The Road Map Mystery (UPDATE: generic term)


While visiting a local flea market ‘fuel can’ Bas de Voogd found this very interesting road map of France. The more than 100 year old road map caught his attention because of the ‘Oriflamme’ can, but after buying it, the road map presented both a surprise and a mystery. The surprise was the picture of the 1895 Panhard-Levassor that is described as a ‘voiture a pétrole’. The mystery is the use of the French word ‘pétrole’. It means paraffin which has a specific gravity of 0.800. Okay to use for cooking but a Panhard needed a specific gravity of 0.700 as mentioned in their advert in the 1900 Guide Michelin (page 283). Paraffin was sold by the refinery Desmarais Frères under the brand name ‘Oriflamme’ while they sold petrol/gasoline under the name of Automobiline. So why advertise with a Panhard when it will not run on Oriflamme? Or, and this is also a possibility, Automobiline did not come on the market until the year 1900, which means the road map must have been published before that year. In that case it could be the oldest road map featuring an automobile? Share your thoughts with us!

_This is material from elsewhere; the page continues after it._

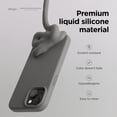 thumbnail image 3 of Funda Elago Liquid Silicone para iPhone 15 Plus, color gris, 3 of 6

Update: Matthieu Cuppens thinks that the French word ‘pétrole’ was used as a generic term for all kinds of fuel. (Editor: any French-speaking readers who can tell us?)

Comments 

 
#2 Bas de Voogd 2010-04-21 09:30
Quoting Ian Byrne:
In worrying about the use of the term "Petrole" vis-a-vis "Essence", the obvious has been overlooked - namely that the 1900 Panhard advert is also headed "Voitures a Petrole" - so this must have been a generic term. And the caption doesn't actually say that the car will run on Oriflamme, unlike the picture underneath which is captioned "Batteuse - moteur a petrole alimente a l'Oriflamme". (I have another copy of the same map in front of me). And of course it's not actually a road map - those are railway lines shown on it.

Thanks for your comments Ian. We are now used to the generic term Voiture a Petrole but the fact that its a railway map is new to me !
Bas
 
 
+1 #1 2010-04-21 08:59
In worrying about the use of the term "Petrole" vis-a-vis "Essence", the obvious has been overlooked - namely that the 1900 Panhard advert is also headed "Voitures a Petrole" - so this must have been a generic term. And the caption doesn't actually say that the car will run on Oriflamme, unlike the picture underneath which is captioned "Batteuse - moteur a petrole alimente a l'Oriflamme". (I have another copy of the same map in front of me). And of course it's not actually a road map - those are railway lines shown on it.